By exploiting shared strategic interest, analysts said Egypt’s rulers were consolidating power by also cracking down on secular opposition groups, on which the US has pinned its hopes for political reform.

Last week an Egyptian court refused liberal opposition party leader Ayman Nour’s appeal against a five-year sentence on forgery charges, despite US appeals for his release on humanitarian grounds. Nour is diabetic.

He came a distant second to President Hosni Mubarak in presidential polls last year, and pro-democracy activists say the forgery charges were fabricated. He cannot launch another appeal, and is now unlikely to run in 2011 presidential polls.

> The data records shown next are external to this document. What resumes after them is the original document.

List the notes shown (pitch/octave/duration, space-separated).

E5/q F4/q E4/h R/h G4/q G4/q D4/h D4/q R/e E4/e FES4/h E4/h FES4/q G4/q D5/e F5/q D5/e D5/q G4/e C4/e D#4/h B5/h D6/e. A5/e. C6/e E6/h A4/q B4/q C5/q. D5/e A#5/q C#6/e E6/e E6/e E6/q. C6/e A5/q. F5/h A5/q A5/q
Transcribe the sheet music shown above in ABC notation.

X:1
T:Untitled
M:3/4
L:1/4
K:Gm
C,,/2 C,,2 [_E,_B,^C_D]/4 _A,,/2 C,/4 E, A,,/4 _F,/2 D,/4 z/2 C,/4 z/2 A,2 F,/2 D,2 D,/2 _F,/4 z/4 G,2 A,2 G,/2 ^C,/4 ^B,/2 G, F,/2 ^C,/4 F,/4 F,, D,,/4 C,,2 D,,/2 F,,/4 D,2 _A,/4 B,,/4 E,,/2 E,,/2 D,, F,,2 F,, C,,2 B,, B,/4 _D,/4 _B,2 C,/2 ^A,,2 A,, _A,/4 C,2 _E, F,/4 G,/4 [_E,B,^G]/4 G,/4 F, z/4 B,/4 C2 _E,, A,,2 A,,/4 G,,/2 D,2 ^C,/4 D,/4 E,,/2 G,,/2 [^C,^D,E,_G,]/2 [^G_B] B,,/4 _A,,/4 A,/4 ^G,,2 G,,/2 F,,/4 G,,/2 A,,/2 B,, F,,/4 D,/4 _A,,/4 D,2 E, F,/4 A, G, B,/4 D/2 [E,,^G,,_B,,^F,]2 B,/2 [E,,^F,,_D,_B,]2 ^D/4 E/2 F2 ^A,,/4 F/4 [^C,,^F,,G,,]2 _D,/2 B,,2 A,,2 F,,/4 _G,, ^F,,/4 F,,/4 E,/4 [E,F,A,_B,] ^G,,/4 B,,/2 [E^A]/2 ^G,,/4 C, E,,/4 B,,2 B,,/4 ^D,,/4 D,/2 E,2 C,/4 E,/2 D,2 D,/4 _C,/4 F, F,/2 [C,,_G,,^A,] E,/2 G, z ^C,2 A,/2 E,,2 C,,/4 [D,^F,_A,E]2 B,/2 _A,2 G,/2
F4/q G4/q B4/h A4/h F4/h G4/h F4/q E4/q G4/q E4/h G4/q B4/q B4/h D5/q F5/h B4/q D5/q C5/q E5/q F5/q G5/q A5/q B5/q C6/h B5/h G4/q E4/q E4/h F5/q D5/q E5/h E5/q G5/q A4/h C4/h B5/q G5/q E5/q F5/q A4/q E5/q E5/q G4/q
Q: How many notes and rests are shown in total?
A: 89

“I think the regime feels the danger … not because he has a substantial following, but because the West is known to bring people and put them in the forefront,” Kazziha said.

“You have Karzai, you have Chalabi. This is challenging the regime’s future,” he added, referring to Afghan President Hamid Karzai and Ahmad Chalabi, deputy prime minister in the outgoing Iraqi government and former US favourite for Iraqi leader.
 

300 judges protest

CAIRO (Reuters) — At least 300 Egyptian judges stood in silence outside the high court on Thursday in protest against what they say is state interference in the judiciary.

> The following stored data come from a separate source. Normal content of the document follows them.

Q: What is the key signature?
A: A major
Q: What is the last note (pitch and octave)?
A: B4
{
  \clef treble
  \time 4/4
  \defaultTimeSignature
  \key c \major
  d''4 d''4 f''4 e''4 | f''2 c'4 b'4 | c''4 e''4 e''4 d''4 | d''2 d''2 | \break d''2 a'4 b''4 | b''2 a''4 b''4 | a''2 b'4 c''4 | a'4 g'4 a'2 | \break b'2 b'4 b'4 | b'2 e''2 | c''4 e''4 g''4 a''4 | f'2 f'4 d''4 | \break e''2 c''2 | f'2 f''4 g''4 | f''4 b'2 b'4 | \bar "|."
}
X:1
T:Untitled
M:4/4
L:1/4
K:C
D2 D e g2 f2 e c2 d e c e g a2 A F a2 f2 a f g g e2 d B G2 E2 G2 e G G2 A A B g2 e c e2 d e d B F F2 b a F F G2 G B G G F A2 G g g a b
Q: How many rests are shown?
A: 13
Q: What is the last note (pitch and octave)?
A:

Hundreds of police, some in riot gear, surrounded the court and blocked about 200 other activists outside Egypt’s Journalists’ Syndicate building nearby from joining the judges.

The activists, penned in by the riot police, protested on the steps of the building. Two were beaten and dragged away by plainclothes security men as they left the protest, George Ishak, a leader of the anti-government Kefaya movement said.

At two protests in support of the judges this month, security forces have beaten and detained peaceful protesters and journalists, provoking criticism from Washington and the European Union. “No political reform without freedom for the press and independence for the judiciary,” one banner posted outside the syndicate said.

Elsewhere, about 100 activists protested in support of the judges outside Cairo University. Egypt’s Tagammu opposition party said its headquarters was besieged by police to stop members from joining demonstrations.

“We are calling for the independence of the judiciary … and our complete supervision of elections if there is to be supervision from now on. This is an historic day,” said Ahmed Salah, a judge at the protest, who wore his ceremonial red sash.

Outside the court, at least 100 journalists, cameramen, photographers and activists clapped and cheered the judges, who stood on the steps of the building.